Problem details: Among the entries below, retype exactly the lines starting with the one with "Hey guys, welcome" and going on through the one with "Hello everybody and", but not the pictures.

Data records:
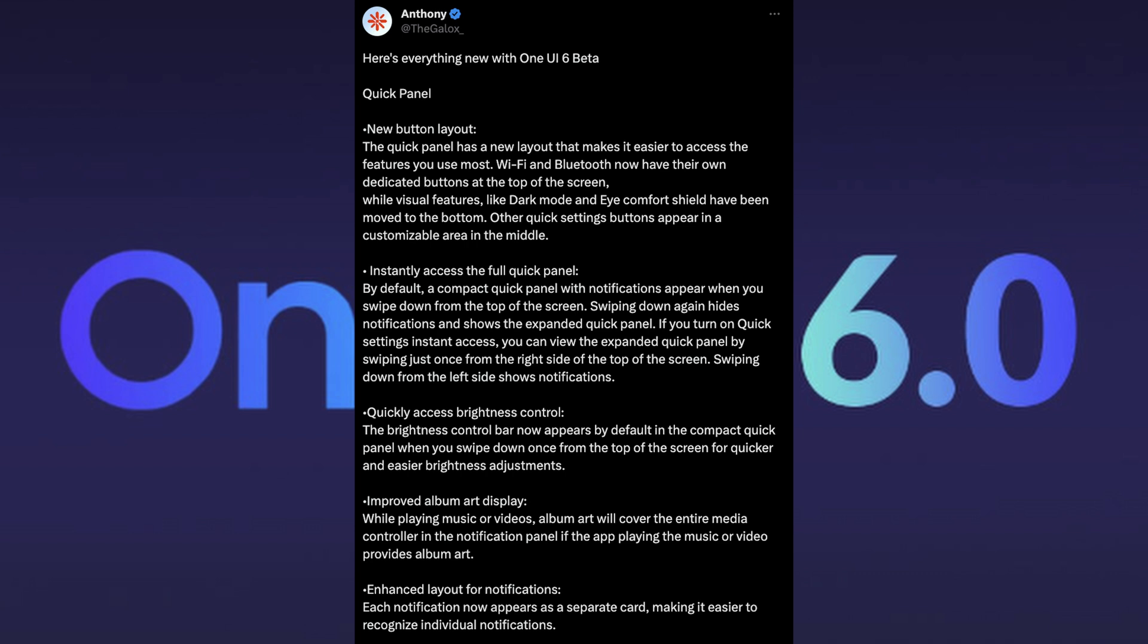Instantly access the full quick panel by default. Quick panel with notifications appear when you swipe down from the top of the screen. Swiping down again hides the notifications and shows the expanded quick panel. If you turn on quick panel settings instant access, you can just swipe down once. Quickly access brightness control is now easier to bring down.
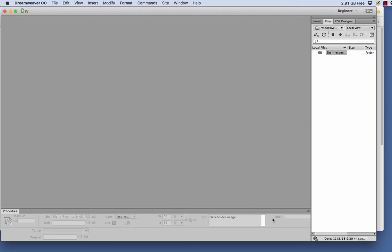Hi, it's Patrick. In this video, I'm going to show you how to create a real basic responsive design site in Dreamweaver using Bootstrap.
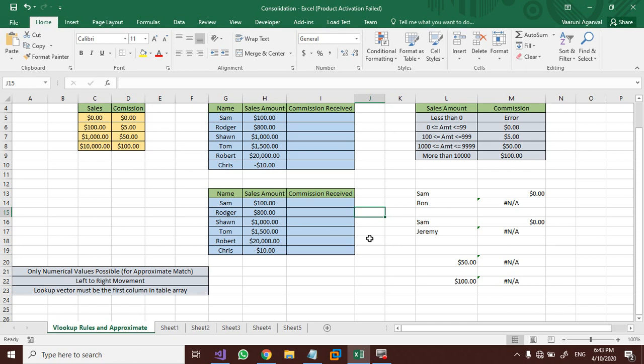Hey guys, welcome back to the YouTube channel Programming Knowledge. In today's Microsoft Excel tutorial we are going to see in detail the application and usage of the approximate match parameter of the VLOOKUP function. In the previous video we saw that VLOOKUP is available in two variants: approximate match and exact match. In this video I'm going to cover approximate match in detail, and also discuss some of the rules of the VLOOKUP function that need to be followed — if they are not followed it results in an error or unusual result.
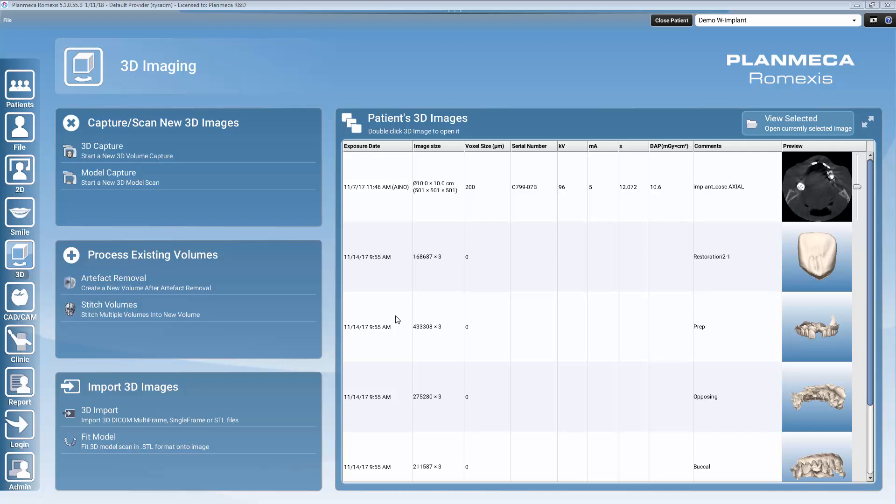Hello everybody and welcome to this Planmeca Romexis implant planning workflow video. In the next minutes I will be showing you how to do implant planning in Planmeca Romexis software and how to finalize it in your own designed implant guide that you can do even chair side.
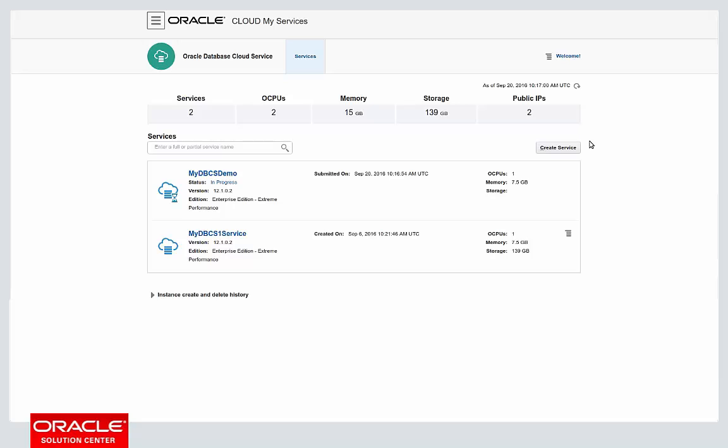I don't have to speak to the network team, I don't have to speak to the virtualization team to get a new VM, I don't need to download the installer software, I don't need to run the Oracle Universal Installer — all of this provisioning is done for me from start to finish by the Oracle Cloud Machine. It takes around about 20 minutes, so we're going to take a brief pause. I'm going to go for a coffee and then come back and show you the finally created instance.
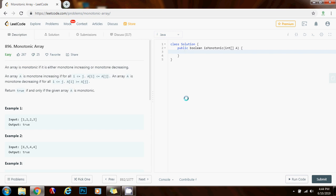Hello everybody, it's Amel, and today I'm going to teach you how to solve the monotonic array problem. An array is monotonic if it is either monotone increasing or monotone decreasing. An array A is monotone increasing if for all i ≤ j, A[i] ≤ A[j]. An array A is monotone decreasing if for all i ≤ j, A[i] ≥ A[j]. Return true if and only if the given array A is monotonic.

Finished exercise:
Hey guys, welcome back to the YouTube channel Programming Knowledge. In today's Microsoft Excel tutorial we are going to see in detail the application and usage of the approximate match parameter of the VLOOKUP function. In the previous video we saw that VLOOKUP is available in two variants: approximate match and exact match. In this video I'm going to cover approximate match in detail, and also discuss some of the rules of the VLOOKUP function that need to be followed — if they are not followed it results in an error or unusual result.
Hello everybody and welcome to this Planmeca Romexis implant planning workflow video. In the next minutes I will be showing you how to do implant planning in Planmeca Romexis software and how to finalize it in your own designed implant guide that you can do even chair side.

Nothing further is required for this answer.